▸ HOW TO COMPLETE THIS TASK: Set down every entry exactly as given. Pictures are to be left out.

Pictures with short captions
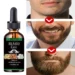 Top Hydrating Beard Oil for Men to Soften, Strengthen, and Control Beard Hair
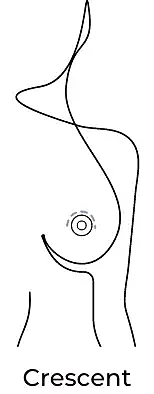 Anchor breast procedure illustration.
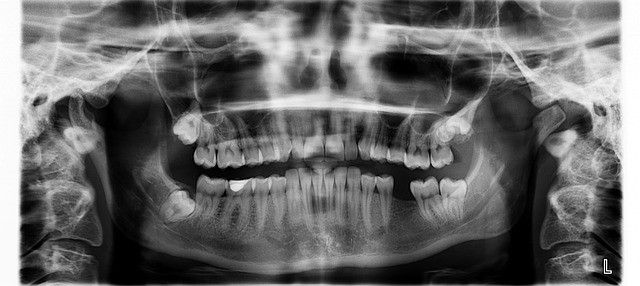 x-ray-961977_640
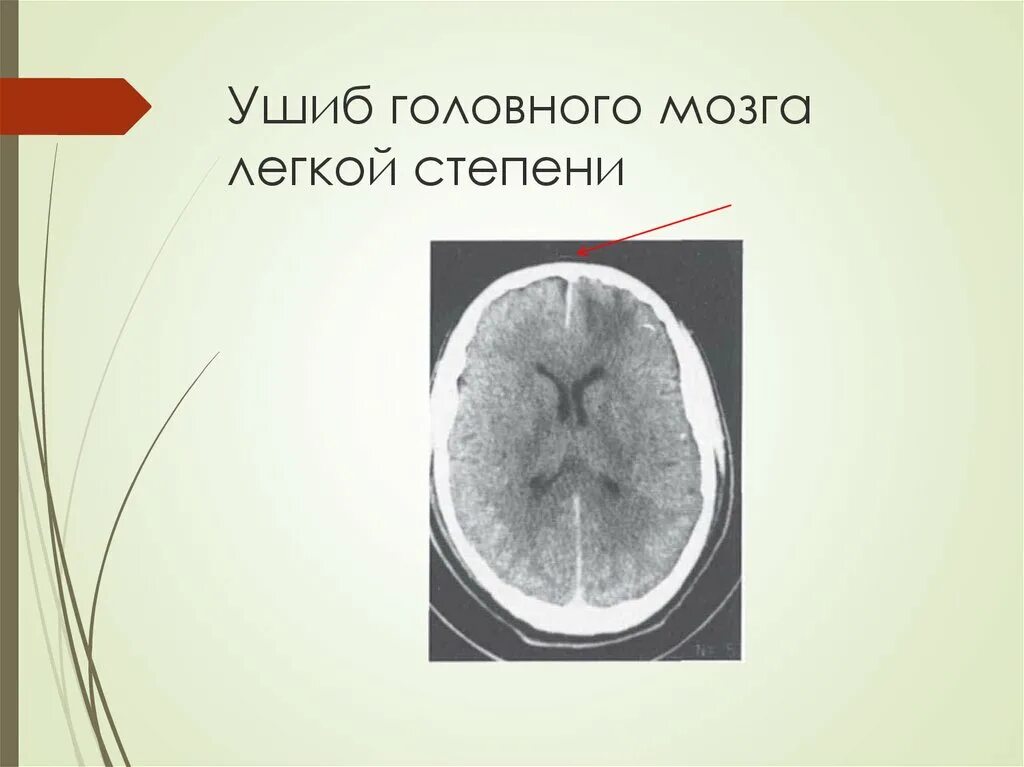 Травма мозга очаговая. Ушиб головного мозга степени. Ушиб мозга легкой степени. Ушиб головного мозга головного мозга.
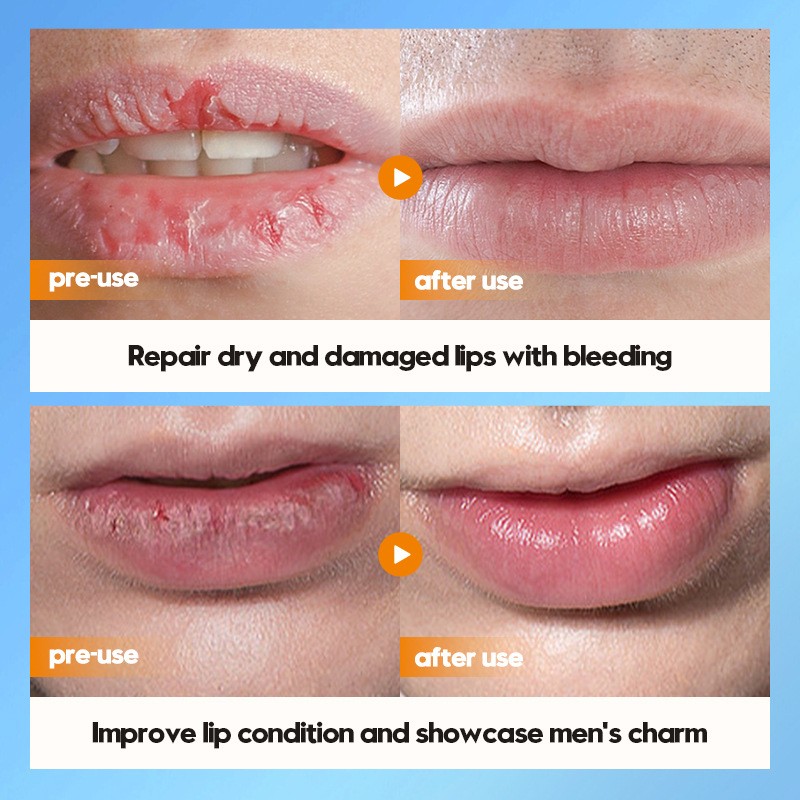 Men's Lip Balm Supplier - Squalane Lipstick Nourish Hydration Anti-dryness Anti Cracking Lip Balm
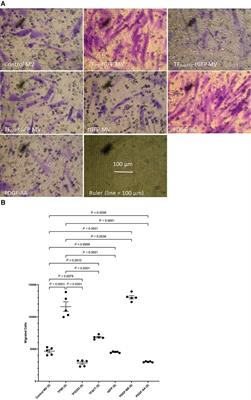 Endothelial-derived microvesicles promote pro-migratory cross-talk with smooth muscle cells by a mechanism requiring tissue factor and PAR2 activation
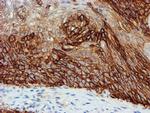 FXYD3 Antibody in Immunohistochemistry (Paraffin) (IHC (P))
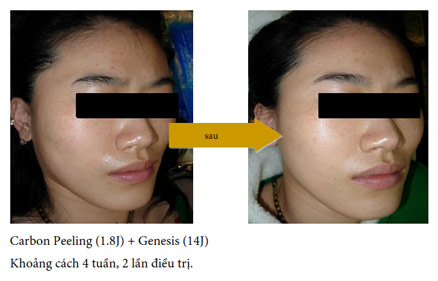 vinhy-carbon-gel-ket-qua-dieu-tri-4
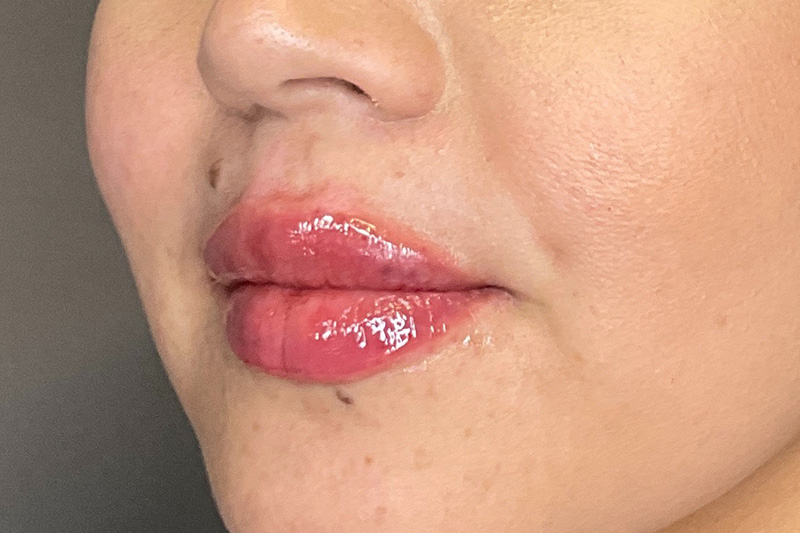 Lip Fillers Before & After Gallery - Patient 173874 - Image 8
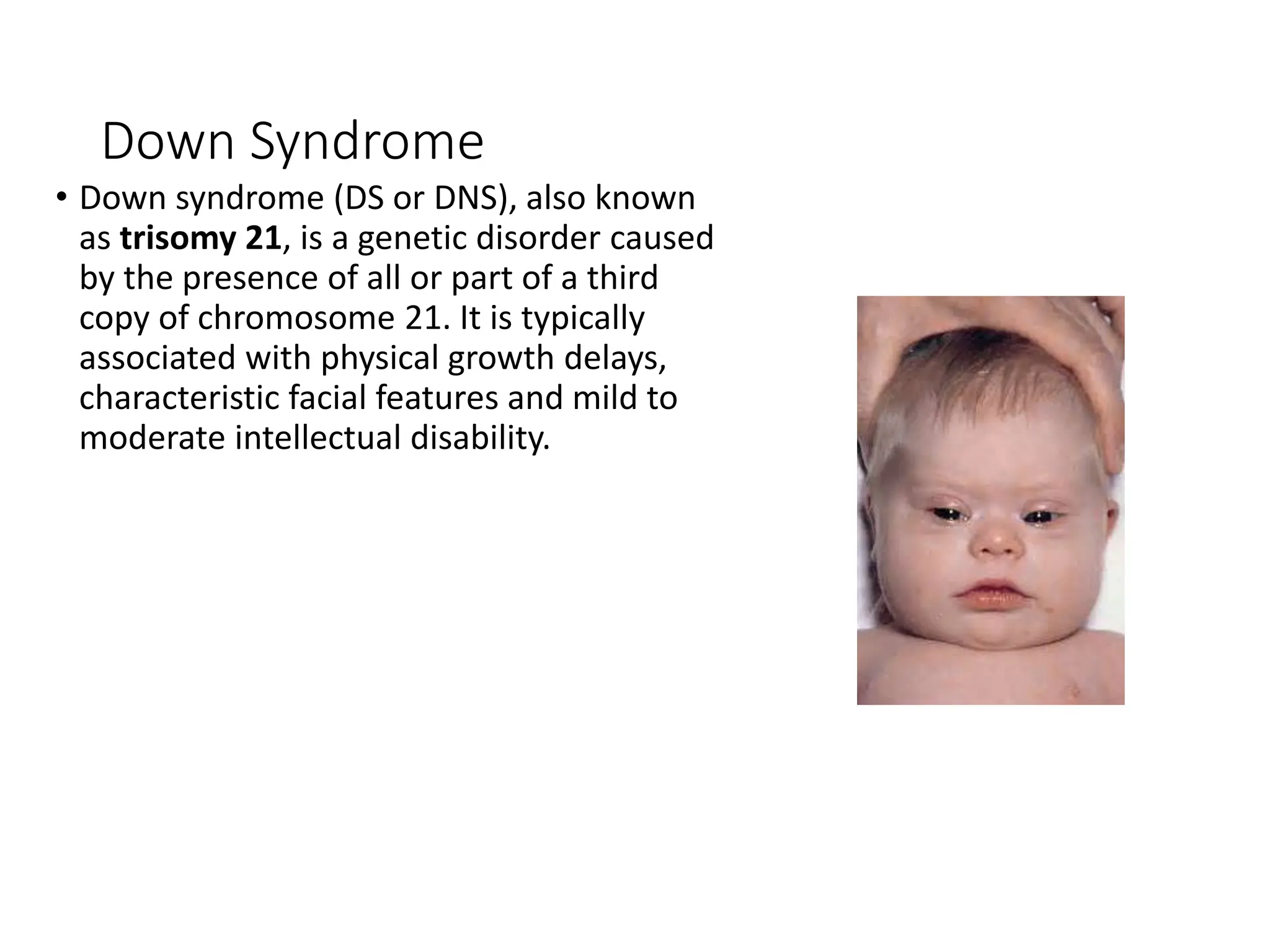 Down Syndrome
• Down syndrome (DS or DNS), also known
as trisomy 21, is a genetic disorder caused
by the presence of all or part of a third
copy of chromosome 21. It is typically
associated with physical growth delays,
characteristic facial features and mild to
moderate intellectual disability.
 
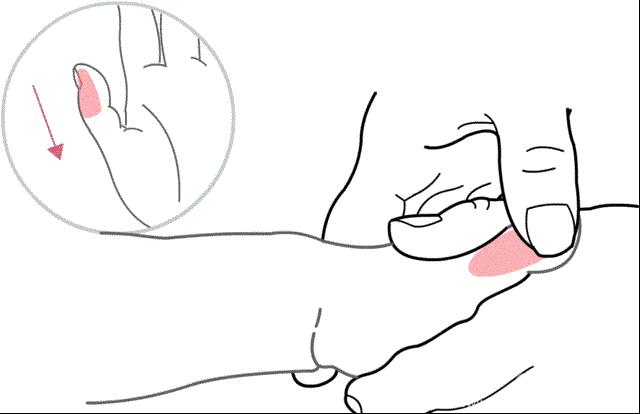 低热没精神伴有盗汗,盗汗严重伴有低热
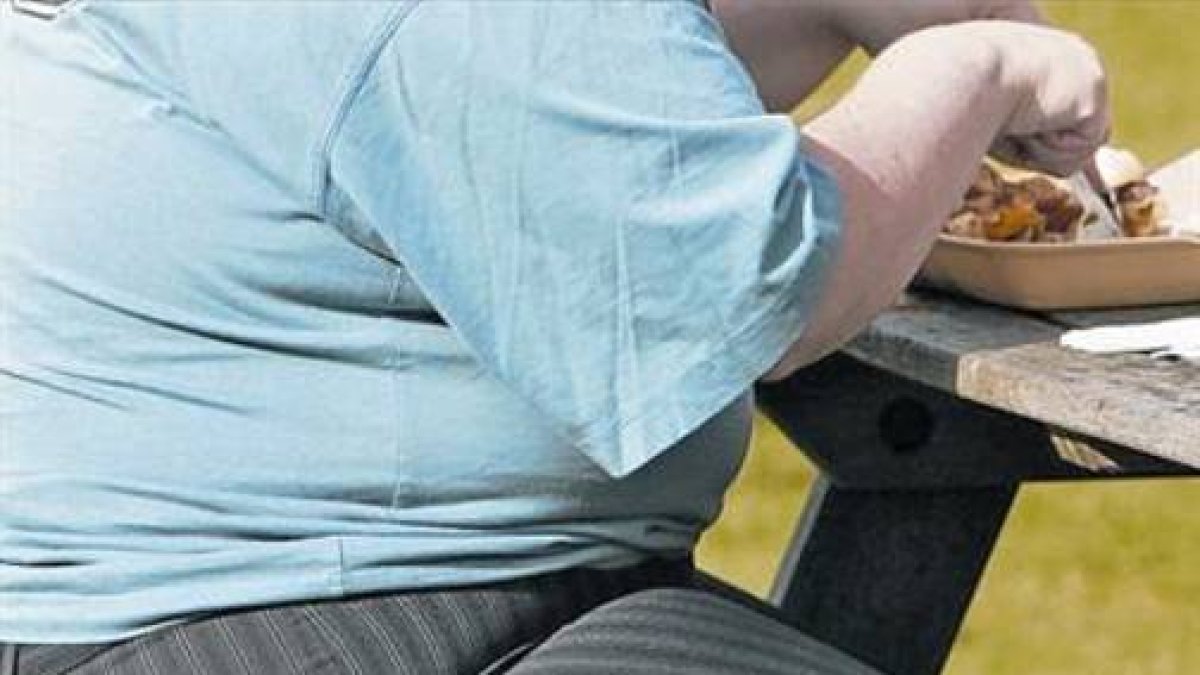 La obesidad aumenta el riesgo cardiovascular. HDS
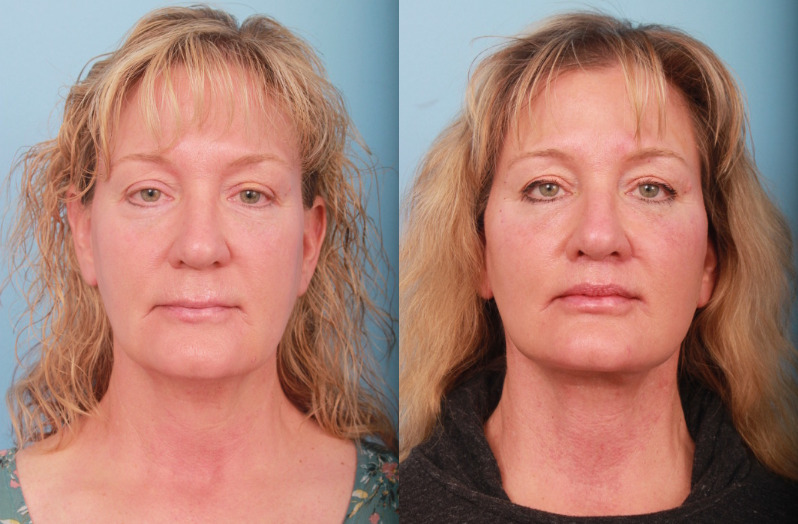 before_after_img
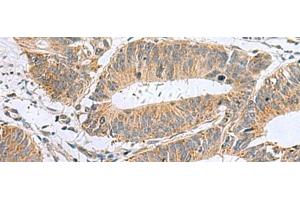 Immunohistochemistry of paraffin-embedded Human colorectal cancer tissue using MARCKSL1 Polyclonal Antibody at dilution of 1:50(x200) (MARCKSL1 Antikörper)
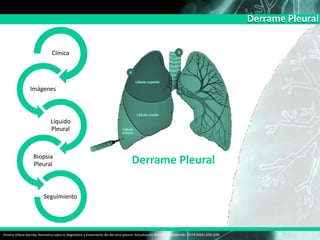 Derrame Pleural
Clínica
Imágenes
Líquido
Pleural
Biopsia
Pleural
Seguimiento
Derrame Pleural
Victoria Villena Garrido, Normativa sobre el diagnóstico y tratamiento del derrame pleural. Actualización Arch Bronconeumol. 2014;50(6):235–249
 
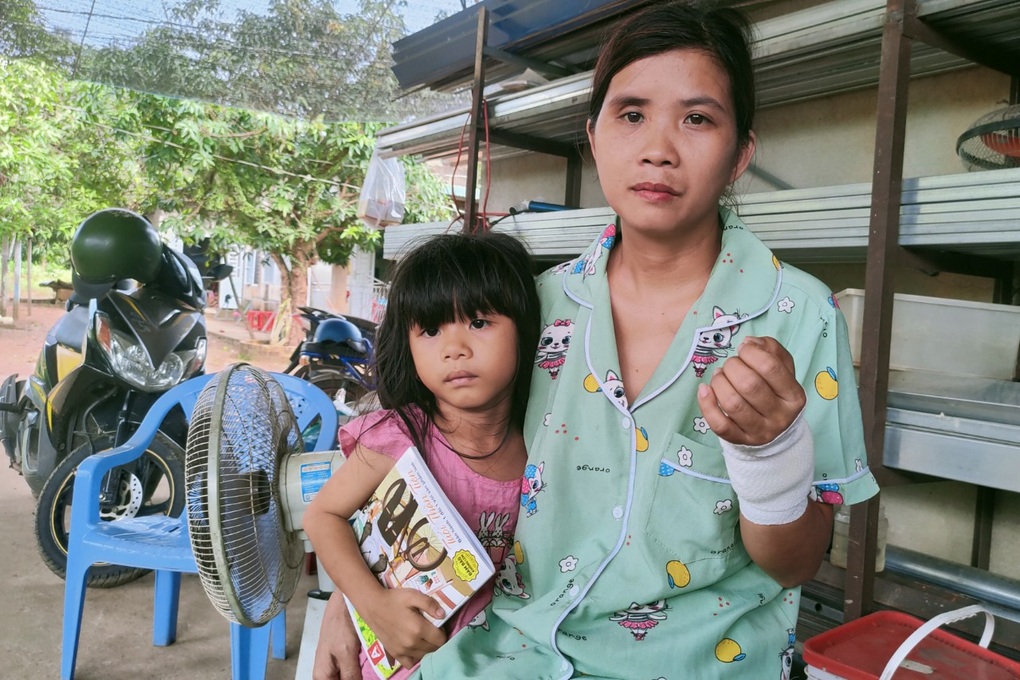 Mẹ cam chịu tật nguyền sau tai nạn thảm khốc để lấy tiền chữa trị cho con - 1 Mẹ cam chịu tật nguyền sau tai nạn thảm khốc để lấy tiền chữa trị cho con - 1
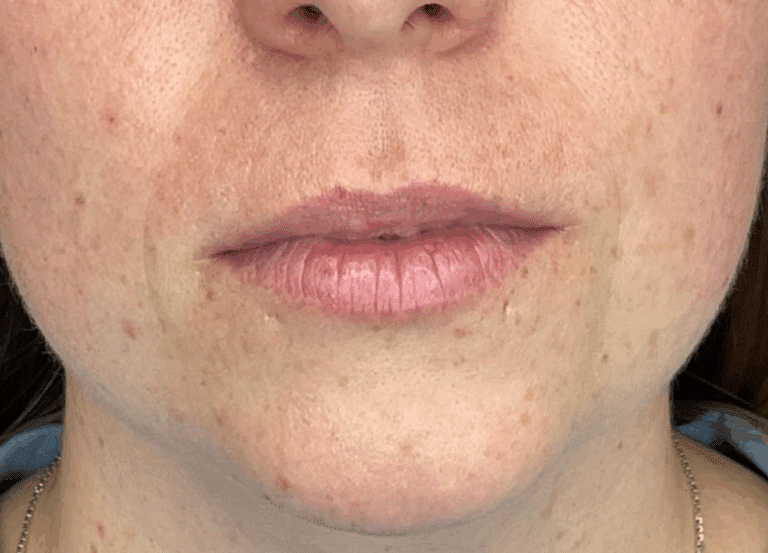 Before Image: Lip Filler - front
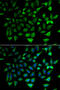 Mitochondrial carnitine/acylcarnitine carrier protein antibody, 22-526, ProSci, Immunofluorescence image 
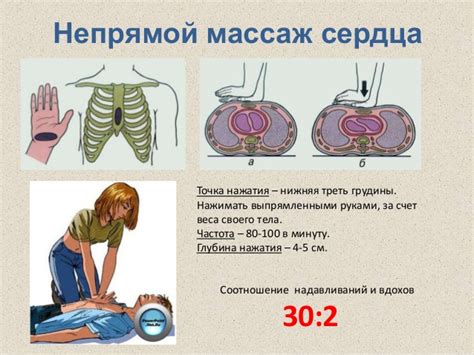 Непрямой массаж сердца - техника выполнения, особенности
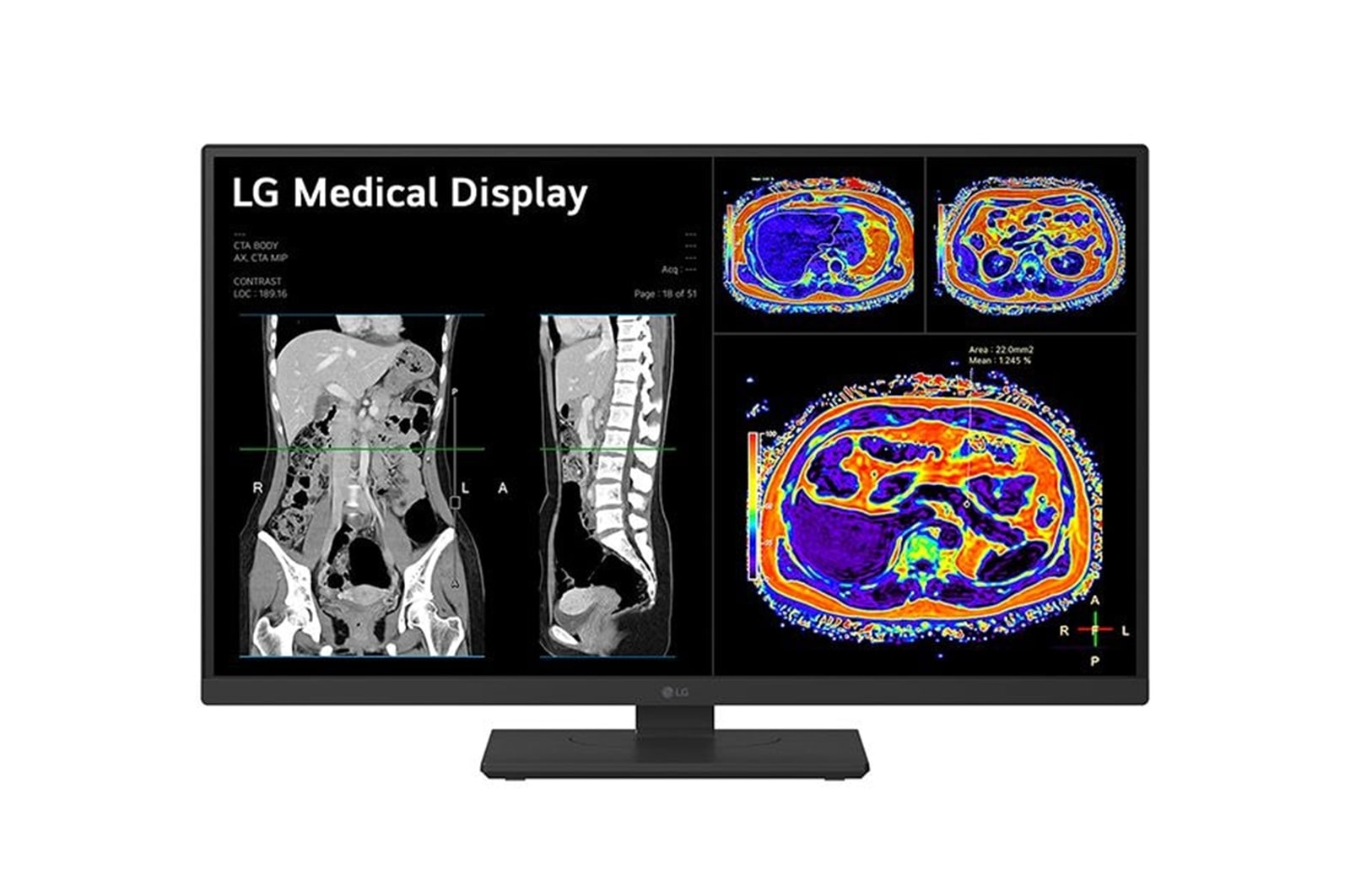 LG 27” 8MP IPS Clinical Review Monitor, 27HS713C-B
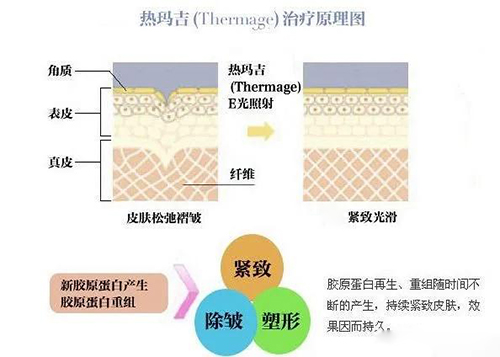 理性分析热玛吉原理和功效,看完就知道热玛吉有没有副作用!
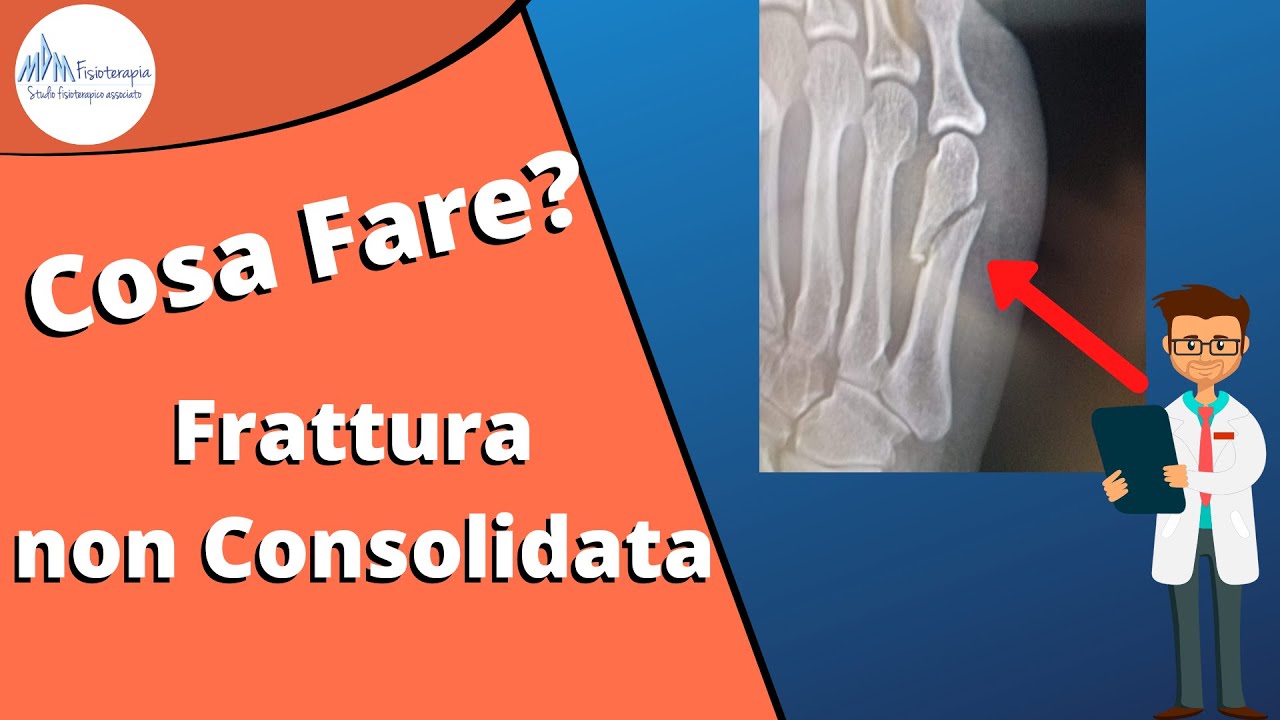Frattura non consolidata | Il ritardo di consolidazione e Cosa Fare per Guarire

▸ PROBLEM SOLUTION:
 Top Hydrating Beard Oil for Men to Soften, Strengthen, and Control Beard Hair
 Anchor breast procedure illustration.
 x-ray-961977_640
 Травма мозга очаговая. Ушиб головного мозга степени. Ушиб мозга легкой степени. Ушиб головного мозга головного мозга.
 Men's Lip Balm Supplier - Squalane Lipstick Nourish Hydration Anti-dryness Anti Cracking Lip Balm
 Endothelial-derived microvesicles promote pro-migratory cross-talk with smooth muscle cells by a mechanism requiring tissue factor and PAR2 activation
 FXYD3 Antibody in Immunohistochemistry (Paraffin) (IHC (P))
 vinhy-carbon-gel-ket-qua-dieu-tri-4
 Lip Fillers Before & After Gallery - Patient 173874 - Image 8
 Down Syndrome
• Down syndrome (DS or DNS), also known
as trisomy 21, is a genetic disorder caused
by the presence of all or part of a third
copy of chromosome 21. It is typically
associated with physical growth delays,
characteristic facial features and mild to
moderate intellectual disability.
 
 低热没精神伴有盗汗,盗汗严重伴有低热
 La obesidad aumenta el riesgo cardiovascular. HDS
 before_after_img
 Immunohistochemistry of paraffin-embedded Human colorectal cancer tissue using MARCKSL1 Polyclonal Antibody at dilution of 1:50(x200) (MARCKSL1 Antikörper)
 Derrame Pleural
Clínica
Imágenes
Líquido
Pleural
Biopsia
Pleural
Seguimiento
Derrame Pleural
Victoria Villena Garrido, Normativa sobre el diagnóstico y tratamiento del derrame pleural. Actualización Arch Bronconeumol. 2014;50(6):235–249
 
 Mẹ cam chịu tật nguyền sau tai nạn thảm khốc để lấy tiền chữa trị cho con - 1 Mẹ cam chịu tật nguyền sau tai nạn thảm khốc để lấy tiền chữa trị cho con - 1
 Before Image: Lip Filler - front
 Mitochondrial carnitine/acylcarnitine carrier protein antibody, 22-526, ProSci, Immunofluorescence image 
 Непрямой массаж сердца - техника выполнения, особенности
 LG 27” 8MP IPS Clinical Review Monitor, 27HS713C-B
 理性分析热玛吉原理和功效,看完就知道热玛吉有没有副作用!
Frattura non consolidata | Il ritardo di consolidazione e Cosa Fare per Guarire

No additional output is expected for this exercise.